→ TASK GOAL
Transcribe the data as written, minus images.

Top of DATA TO EXAMINE

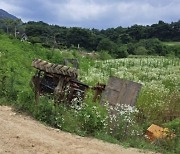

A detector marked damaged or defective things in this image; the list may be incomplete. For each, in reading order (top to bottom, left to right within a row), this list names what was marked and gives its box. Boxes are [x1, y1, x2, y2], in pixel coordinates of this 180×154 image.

rusty farm equipment [32, 58, 142, 107]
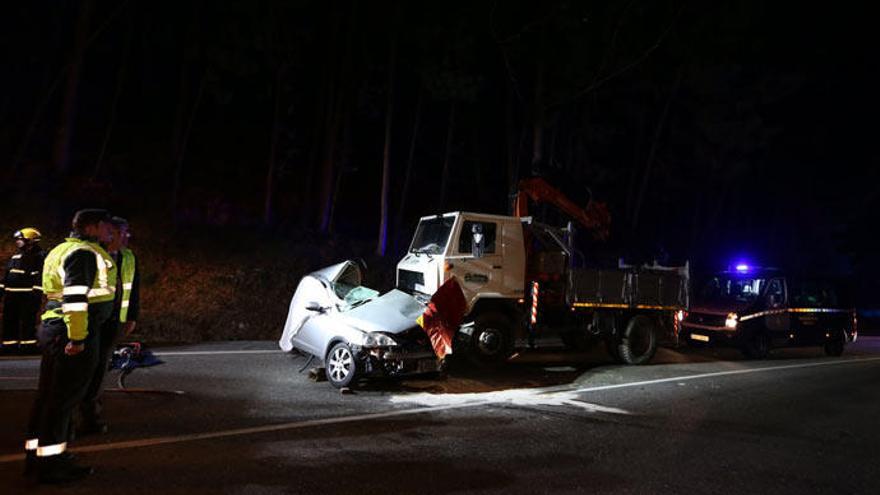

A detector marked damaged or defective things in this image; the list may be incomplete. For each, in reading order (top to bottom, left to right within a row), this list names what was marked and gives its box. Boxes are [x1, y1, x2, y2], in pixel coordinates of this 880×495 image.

silver crashed car [278, 262, 440, 390]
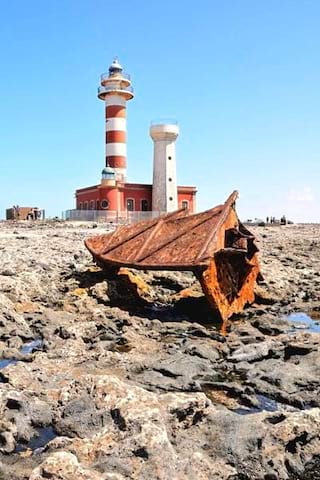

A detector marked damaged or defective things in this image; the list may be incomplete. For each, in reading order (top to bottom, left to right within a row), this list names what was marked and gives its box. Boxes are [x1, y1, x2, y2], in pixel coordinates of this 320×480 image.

rusty shipwreck [84, 192, 260, 322]
corroded metal hull [85, 192, 260, 322]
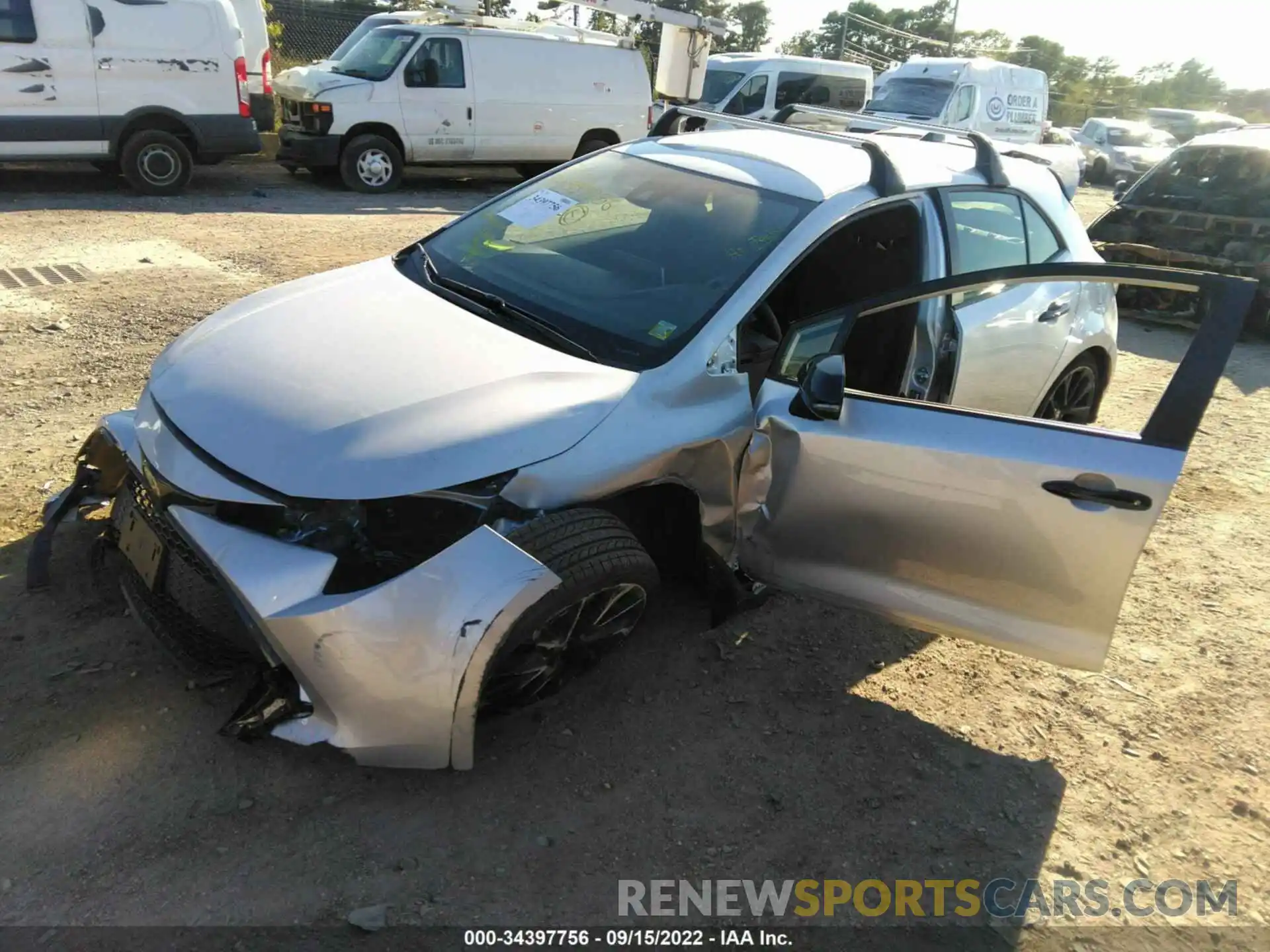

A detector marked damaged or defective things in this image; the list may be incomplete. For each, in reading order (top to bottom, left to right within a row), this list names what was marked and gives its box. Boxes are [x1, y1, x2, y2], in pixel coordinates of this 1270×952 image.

crumpled front bumper [33, 405, 561, 772]
damaged silver toyota corolla [30, 108, 1259, 772]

Bottom of DATA TO EXAMINE

→ EXERCISE ANSWER
A detector marked damaged or defective things in this image; the list may be incomplete. For each, in reading order (top to bottom, left to right within a row), this list names what was marked and gives its box. Boxes are [x1, y1, x2, y2], in pixel coordinates of this 180×154 image.

rusty farm equipment [32, 58, 142, 107]

A detector marked damaged or defective things in this image; the list may be incomplete. For each, in reading order (top to bottom, left to right within a row), this list names what was marked and gives its box. Boxes are [x1, y1, x2, y2], in pixel coordinates of this 880×495 image.

silver crashed car [278, 262, 440, 390]

A detector marked damaged or defective things in this image; the list may be incomplete. For each, in reading order (top to bottom, left to right within a row), this list names what was marked and gives its box. Boxes are [x1, y1, x2, y2], in pixel coordinates of this 320×480 image.

rusty shipwreck [84, 192, 260, 322]
corroded metal hull [85, 192, 260, 322]

A detector marked damaged or defective things in this image; the list may be incomplete. For each, in reading order (top to bottom, left to right within a row), this list names what was marked and gives its box. Boxes are [x1, y1, x2, y2], in pixel coordinates of this 1270×952 image.

crumpled front bumper [33, 405, 561, 772]
damaged silver toyota corolla [30, 108, 1259, 772]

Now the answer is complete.